But Thompson paints an indelible and poignant portrait of mother Audrey, whose job has always required her to tend to the needs of family first — husband, kids, grandkids, sick cousins. When things go wrong — and they do; the Ericksons, like most of us, do not get to sail along free of tragedy — Audrey's role is to pick up the pieces and keep going, no matter how she feels. Mothering proves as unrelenting, difficult and unpredictable as coaxing corn from a fallow field: "If you followed the string back far enough, she was no one's mother. But you could only go forward, and so she would always always always be the one who cleaned up the messes, coaxed and threatened and soothed, loved them no matter what they did except she didn't. It wasn't one of those things like breathing."

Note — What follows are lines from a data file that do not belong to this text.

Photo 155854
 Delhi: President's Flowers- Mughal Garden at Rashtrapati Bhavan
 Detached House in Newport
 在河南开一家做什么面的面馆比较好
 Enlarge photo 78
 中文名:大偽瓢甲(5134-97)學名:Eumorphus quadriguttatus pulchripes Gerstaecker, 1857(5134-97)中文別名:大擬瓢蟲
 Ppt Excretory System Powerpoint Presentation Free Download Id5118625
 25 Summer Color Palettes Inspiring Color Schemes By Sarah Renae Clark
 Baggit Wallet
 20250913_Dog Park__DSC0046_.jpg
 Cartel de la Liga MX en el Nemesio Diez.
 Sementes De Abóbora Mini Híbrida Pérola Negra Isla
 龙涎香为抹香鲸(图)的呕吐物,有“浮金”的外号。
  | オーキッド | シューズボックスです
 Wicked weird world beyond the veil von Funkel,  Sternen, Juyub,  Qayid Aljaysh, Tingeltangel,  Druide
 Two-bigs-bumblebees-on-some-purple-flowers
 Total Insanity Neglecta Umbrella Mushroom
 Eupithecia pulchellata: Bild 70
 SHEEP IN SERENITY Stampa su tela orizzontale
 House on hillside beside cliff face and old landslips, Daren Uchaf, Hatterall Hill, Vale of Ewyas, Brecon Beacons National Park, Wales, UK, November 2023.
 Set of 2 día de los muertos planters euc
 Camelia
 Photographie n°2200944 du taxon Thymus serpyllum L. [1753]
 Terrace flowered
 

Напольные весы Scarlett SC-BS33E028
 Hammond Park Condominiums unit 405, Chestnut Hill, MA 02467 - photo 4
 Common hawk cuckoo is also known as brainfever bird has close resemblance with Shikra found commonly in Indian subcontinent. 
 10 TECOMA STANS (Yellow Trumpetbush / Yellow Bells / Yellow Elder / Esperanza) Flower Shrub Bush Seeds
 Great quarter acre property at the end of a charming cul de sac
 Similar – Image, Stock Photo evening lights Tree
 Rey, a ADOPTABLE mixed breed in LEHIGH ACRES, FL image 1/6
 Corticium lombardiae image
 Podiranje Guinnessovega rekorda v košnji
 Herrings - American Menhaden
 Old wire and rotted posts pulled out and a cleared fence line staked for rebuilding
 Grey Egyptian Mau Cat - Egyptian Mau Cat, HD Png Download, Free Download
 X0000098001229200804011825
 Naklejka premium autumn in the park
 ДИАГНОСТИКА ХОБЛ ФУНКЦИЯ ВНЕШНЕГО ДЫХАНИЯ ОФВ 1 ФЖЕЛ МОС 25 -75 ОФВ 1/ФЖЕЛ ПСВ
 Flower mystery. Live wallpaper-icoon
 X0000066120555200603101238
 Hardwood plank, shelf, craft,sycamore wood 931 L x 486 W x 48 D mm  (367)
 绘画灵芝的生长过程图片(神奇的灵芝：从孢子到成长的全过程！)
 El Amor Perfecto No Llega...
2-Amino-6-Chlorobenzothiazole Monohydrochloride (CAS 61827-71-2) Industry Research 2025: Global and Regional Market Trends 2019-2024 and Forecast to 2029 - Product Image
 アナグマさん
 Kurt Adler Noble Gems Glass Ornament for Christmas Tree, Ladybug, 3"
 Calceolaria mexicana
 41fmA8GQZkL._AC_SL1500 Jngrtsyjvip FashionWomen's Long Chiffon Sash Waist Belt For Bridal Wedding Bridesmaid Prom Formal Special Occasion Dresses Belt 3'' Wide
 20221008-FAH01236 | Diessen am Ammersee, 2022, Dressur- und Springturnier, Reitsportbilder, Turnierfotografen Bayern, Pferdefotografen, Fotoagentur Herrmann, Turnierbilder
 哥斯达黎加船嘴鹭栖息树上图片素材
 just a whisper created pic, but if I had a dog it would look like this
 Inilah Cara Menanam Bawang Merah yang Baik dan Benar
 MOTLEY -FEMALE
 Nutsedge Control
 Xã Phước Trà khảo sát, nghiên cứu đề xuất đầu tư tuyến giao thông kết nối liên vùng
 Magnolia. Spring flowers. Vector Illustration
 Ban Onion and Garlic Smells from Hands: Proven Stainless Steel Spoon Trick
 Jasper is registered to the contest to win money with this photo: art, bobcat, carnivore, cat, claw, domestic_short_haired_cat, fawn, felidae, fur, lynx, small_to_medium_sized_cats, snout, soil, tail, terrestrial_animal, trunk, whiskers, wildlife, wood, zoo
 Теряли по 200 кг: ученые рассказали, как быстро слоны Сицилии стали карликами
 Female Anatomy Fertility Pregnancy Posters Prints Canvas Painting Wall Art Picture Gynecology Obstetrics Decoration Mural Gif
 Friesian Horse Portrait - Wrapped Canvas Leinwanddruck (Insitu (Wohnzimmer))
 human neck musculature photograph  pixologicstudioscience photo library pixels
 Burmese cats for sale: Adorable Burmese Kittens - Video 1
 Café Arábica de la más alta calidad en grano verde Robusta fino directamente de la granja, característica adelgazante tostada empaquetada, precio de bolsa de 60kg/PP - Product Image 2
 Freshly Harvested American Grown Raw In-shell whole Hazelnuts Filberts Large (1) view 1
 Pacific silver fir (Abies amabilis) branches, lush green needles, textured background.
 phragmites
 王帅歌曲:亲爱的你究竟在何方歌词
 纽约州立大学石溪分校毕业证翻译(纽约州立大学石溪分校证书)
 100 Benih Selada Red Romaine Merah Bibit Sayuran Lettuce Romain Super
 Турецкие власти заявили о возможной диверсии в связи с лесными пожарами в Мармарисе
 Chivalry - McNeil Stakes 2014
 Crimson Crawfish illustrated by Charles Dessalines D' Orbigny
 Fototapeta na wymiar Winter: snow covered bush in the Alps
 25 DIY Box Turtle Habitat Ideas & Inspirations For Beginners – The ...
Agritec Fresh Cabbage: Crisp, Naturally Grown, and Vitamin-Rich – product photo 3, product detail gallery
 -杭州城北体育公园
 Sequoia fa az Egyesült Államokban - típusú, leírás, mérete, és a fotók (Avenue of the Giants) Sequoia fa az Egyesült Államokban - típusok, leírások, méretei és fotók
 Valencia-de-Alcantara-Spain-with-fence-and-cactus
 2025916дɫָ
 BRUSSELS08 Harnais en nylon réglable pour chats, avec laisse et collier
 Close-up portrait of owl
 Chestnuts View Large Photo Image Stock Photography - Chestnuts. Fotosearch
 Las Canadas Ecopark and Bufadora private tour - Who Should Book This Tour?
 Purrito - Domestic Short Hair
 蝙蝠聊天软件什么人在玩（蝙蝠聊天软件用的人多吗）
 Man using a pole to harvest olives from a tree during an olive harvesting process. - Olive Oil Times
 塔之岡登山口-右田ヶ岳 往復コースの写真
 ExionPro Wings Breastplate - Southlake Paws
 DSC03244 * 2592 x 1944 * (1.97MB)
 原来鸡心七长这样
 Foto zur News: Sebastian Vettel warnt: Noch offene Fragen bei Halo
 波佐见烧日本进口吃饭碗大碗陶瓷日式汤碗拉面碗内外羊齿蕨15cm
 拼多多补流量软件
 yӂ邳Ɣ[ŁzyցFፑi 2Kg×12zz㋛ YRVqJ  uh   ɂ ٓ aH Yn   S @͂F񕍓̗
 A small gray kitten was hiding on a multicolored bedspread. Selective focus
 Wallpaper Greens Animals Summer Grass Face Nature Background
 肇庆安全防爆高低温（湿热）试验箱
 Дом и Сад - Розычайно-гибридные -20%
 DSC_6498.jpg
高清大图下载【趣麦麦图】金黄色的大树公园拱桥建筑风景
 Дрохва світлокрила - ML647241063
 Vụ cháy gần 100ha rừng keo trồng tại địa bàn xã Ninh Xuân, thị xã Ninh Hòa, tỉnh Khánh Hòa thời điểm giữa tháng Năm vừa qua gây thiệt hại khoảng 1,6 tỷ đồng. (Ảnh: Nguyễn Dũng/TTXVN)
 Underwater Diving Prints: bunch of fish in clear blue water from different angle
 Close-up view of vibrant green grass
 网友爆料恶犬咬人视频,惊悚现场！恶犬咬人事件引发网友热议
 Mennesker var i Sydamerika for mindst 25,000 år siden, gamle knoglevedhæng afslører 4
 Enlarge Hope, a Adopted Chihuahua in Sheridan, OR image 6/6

Also on the fringes of this group is cousin Chip, a boy who loved comic books and science fiction and ended up in Vietnam. "Somehow he'd managed to return from the war unshot, skinnier than ever but somehow bigger, alarming people by the way he looked and the way he acted and the knowledge that now he at least knew how to use a rifle."
That bit about the gun is indicative of the tidbits of dark humor Thompson scatters effectively throughout "The Year We Left Home," often using the wayward, roaming Chip, who can't quite stay away from trouble, as a catalyst. Thompson is a master at mining the most ridiculous of human foibles while never losing compassion for her flawed characters. Even when they stumble. Even when they weather aging and alcoholism and loneliness and disability with a distinct lack of grace.
And yet, they eventually come home, physically, spiritually or both. At least they find a weird comfort and respect in what they once rejected. At the novel's end, middle-aged Ryan, who has endured employment and marital disaster, reflects on that Iowa barn and the people who built it. "How hard they had worked, and how stubbornly, every day of their lives, for their little bit of ease, little bit of pride. They had done so much. They had meant to do so much more. ... It could break your heart."
So could Thompson, who has written one of the best and most memorable books of the year.